Key Points
1. Current research in multimodal models (MMMs) for image and text tasks has seen a rapid expansion, leading to the creation of various benchmarks, such as MMBench, DeepSeek-VL, IconQA, and others, to evaluate their performance.
2. The generation of photorealistic images guided by text has been an area of significant interest, as evidenced by the development of models like Glow, CLIP Latents, and BEIT v2, which aim to improve image generation and editing with text-guided diffusion models.

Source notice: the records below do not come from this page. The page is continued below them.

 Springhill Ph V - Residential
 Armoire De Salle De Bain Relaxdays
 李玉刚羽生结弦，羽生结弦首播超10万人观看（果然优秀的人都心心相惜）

3. The construction of large datasets, such as synthetic-dataset-1m-dalle3-high-quality-captions, YFCC15M, and others, has facilitated the training and evaluation of MMMs, particularly for tasks such as knowledge-aware visual question answering (KVQA) and dense image captioning.
4. Multimodal pretraining techniques have also been a focus of research, with the development of models like Llama, Gemini, and Emu3, which aim to improve foundation language models and chat models for various tasks.
5. Efforts to unify multimodal understanding and generation within a single transformer architecture have led to the development of models like Show-O, Minigpt-4, and Llama 2, aimed at achieving a more comprehensive approach to processing multimodal data.
6. The emergence of novel training techniques, such as Eva-CLIP and Autoregressive Model Beats Diffusion (LLAMA), have sought to improve the training and scalability of image generation models.
7. The exploration of multimodal capabilities has expanded to include tasks such as dense image captions, text-to-image generation, and vision-centric tasks, culminating in the development of models like VisionLLM and VILA-U.
8. Research has also focused on improving the efficiency of multimodal models, leading to the development of models like Chameleon, LLAVA-PHI, and MM-VET, which aim to streamline multimodal processing capabilities.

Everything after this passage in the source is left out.